PN MP Demands Dedicated Shelters for Malta’s Homeless Drug Users: ‘Stop Treating Them Like Stray Cats’
**PN MP Demands Dedicated Shelters for Homeless Drug Addicts: “We Can’t Keep Pretending the Problem Doesn’t Exist”**
A Nationalist MP has shattered Parliament’s usual decorum with a blunt wake-up call: Malta’s growing army of homeless drug users is sleeping in doorways, overdosing in public toilets and being “treated like stray cats” because the island offers nowhere for them to go.
Speaking during a budget debate on social policy, Claudette Buttigieg told MPs that the “invisible emergency” unfolding in Valletta’s silent alleys and Marsa’s abandoned farmhouses is costing lives and “eroding the soul” of a country that prides itself on Christian charity.
“Every night I get messages: ‘There’s a boy shaking under the Bridge of Lions, can you come?’” she said, voice cracking. “We rush with blankets and coffee, but we’re not a 24-hour service. We need a shelter that says: you are human, you matter, come in.”
### From “ħanini” to “get away from my shop”
Malta’s traditional response to the down-and-out was the parish ħanini – the neighbour who slipped a plate of rabbit stew out the back door. Yet as synthetic drugs flood the island and rents rocket, empathy is curdling into irritation. Business owners in Strait Street complain of syringes in plant pots; tourists post one-star reviews about “scary zombies” outside boutique hotels. The result? Police move the users on, and the cycle begins again.

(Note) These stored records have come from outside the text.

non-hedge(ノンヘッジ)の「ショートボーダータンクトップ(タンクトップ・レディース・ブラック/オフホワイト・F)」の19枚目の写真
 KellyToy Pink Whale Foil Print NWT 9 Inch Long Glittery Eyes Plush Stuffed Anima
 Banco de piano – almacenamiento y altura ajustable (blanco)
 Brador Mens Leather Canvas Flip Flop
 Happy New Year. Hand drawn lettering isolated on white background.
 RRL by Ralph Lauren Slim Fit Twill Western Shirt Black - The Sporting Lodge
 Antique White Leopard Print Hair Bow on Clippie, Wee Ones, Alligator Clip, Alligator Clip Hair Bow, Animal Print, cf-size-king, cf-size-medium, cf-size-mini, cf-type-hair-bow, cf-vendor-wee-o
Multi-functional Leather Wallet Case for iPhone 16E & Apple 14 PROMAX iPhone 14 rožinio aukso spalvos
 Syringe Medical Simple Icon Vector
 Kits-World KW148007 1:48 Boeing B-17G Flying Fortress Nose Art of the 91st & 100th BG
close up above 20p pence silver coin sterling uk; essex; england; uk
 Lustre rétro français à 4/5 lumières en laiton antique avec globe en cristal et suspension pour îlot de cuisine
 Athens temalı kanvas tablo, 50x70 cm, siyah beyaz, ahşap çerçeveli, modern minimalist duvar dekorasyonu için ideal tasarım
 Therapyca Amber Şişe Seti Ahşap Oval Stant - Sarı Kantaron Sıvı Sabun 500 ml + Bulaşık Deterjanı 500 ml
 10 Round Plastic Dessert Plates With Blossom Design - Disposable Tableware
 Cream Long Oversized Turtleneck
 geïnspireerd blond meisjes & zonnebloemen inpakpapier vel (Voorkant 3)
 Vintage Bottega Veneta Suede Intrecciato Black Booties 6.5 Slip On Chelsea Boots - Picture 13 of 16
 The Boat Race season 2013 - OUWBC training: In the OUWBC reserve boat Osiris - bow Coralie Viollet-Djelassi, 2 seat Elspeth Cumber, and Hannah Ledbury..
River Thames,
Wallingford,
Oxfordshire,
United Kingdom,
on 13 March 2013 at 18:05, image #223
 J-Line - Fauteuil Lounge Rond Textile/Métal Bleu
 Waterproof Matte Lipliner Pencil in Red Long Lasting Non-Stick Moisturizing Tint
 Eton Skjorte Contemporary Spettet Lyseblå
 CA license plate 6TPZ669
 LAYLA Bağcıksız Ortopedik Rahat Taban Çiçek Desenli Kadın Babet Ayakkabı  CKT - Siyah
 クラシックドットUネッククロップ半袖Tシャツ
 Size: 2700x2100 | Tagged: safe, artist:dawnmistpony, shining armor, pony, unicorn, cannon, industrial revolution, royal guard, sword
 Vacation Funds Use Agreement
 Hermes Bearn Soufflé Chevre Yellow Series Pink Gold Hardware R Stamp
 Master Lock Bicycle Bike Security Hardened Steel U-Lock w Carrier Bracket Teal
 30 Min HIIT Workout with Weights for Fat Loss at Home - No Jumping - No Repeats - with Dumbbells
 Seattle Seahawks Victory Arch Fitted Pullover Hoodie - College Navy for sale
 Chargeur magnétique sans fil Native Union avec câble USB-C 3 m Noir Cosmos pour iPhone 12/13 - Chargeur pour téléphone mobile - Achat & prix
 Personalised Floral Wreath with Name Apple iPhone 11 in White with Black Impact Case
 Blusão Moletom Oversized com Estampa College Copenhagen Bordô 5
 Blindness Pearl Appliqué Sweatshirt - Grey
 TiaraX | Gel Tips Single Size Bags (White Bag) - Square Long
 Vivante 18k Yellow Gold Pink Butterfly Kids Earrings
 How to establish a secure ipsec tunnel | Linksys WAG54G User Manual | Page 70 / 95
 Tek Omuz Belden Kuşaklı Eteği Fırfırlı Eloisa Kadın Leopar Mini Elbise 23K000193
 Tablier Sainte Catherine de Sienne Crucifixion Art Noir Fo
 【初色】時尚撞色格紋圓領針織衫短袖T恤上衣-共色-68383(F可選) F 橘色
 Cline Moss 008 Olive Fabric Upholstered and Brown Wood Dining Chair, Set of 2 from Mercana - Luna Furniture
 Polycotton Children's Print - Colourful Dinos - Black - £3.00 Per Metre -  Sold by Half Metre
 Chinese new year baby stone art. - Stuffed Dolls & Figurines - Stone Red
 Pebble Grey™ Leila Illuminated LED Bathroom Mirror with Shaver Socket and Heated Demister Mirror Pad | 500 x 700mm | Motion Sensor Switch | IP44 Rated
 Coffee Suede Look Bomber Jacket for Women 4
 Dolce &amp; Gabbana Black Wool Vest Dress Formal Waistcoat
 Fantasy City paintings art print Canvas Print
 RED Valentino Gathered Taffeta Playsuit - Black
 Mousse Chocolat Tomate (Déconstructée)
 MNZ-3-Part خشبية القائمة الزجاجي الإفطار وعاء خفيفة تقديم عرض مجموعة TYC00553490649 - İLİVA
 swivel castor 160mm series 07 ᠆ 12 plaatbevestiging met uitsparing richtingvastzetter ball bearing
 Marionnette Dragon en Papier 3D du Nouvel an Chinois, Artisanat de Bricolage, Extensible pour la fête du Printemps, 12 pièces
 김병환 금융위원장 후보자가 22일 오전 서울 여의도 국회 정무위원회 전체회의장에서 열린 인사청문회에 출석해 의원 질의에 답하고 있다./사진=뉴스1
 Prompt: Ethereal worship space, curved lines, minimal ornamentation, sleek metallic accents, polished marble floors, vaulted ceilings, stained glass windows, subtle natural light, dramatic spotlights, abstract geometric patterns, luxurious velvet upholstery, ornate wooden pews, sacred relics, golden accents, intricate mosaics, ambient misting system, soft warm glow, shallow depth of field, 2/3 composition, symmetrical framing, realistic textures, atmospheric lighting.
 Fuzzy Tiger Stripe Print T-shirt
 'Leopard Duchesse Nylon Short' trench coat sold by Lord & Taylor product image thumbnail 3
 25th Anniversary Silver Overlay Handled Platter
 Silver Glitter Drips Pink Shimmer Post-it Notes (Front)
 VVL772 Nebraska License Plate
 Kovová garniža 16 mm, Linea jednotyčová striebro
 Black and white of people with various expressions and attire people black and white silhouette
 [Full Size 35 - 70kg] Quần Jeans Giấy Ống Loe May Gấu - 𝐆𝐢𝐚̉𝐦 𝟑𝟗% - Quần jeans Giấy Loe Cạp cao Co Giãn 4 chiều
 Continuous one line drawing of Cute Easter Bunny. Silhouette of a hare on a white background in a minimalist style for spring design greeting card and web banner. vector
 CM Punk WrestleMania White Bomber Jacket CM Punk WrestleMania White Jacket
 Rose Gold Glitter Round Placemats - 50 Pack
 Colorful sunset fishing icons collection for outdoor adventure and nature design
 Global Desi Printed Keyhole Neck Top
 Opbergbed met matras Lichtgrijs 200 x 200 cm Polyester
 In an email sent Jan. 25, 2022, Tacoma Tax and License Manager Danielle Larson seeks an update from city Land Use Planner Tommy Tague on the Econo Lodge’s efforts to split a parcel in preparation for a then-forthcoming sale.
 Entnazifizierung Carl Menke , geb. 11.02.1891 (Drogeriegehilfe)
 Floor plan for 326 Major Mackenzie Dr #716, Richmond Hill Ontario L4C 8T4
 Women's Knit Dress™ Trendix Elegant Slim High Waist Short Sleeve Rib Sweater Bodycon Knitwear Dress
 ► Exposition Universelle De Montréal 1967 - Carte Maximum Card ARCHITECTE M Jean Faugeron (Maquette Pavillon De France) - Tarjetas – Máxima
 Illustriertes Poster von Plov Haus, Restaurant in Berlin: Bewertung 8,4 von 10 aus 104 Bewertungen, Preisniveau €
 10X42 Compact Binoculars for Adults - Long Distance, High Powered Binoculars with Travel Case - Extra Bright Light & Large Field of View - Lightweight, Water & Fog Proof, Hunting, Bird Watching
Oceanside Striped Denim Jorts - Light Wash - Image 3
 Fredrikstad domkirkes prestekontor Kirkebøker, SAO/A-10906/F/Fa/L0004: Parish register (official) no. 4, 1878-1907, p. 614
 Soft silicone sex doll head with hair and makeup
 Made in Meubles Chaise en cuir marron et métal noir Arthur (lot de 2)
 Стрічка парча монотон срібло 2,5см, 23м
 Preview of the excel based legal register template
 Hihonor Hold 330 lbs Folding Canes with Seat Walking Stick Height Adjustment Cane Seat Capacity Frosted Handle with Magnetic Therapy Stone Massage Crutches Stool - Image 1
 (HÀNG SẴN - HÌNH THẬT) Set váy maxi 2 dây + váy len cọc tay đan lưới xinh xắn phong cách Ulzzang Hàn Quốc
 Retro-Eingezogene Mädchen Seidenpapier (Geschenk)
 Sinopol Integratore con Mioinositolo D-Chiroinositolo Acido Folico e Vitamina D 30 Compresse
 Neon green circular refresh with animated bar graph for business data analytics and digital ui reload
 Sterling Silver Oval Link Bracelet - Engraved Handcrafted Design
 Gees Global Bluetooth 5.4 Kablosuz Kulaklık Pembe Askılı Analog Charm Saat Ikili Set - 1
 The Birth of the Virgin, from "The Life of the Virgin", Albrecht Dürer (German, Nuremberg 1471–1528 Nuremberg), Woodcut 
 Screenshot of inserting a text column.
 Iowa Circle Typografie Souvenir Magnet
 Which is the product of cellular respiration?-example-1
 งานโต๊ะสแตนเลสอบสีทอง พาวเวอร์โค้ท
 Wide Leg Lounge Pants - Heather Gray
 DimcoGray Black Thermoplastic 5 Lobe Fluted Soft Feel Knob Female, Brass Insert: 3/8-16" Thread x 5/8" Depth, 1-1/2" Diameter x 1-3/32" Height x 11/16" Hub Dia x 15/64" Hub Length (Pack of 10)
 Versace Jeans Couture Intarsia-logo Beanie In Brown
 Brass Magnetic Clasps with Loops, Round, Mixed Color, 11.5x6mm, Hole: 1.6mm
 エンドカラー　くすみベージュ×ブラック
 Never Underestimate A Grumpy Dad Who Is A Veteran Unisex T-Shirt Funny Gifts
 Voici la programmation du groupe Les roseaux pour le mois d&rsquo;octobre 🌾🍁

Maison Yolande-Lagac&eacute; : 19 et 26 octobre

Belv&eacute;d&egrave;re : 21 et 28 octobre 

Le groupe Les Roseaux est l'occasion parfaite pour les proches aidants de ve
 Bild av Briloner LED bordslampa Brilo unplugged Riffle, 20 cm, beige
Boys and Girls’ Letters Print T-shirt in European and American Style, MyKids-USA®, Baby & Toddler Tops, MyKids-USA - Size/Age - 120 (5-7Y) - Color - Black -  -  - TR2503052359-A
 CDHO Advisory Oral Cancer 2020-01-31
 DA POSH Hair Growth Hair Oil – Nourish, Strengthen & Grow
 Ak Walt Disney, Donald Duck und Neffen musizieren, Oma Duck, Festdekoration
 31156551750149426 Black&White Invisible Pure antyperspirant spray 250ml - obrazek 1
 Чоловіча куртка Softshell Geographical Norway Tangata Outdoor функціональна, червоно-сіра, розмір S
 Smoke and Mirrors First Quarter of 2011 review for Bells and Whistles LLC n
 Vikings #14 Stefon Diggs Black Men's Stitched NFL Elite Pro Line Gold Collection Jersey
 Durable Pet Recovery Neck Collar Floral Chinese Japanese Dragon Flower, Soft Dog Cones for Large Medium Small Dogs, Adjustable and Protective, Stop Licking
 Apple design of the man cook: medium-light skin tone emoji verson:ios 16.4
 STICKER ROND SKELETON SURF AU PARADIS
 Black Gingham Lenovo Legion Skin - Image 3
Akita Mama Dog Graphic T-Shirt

### No bed, no detox, no way out
There are 14 emergency shelters on the island, but zero reserved for active drug users. Caritas, the Church-run agency, runs a 28-bed detox hostel in Ħal Far, yet demands abstinence before admission – a Catch-22 for someone still trembling from the last hit. Government’s only low-threshold option is a 12-bed night shelter in Floriana where substance use is tolerated but sleeping space is allocated by 7 p.m. lottery. “If you miss the draw, you sleep outside,” explains Kevin, 34, who injects heroin behind the new Tigné Point toilets. “One guy froze to death in Gżira last winter. We just want a roof, not a sermon.”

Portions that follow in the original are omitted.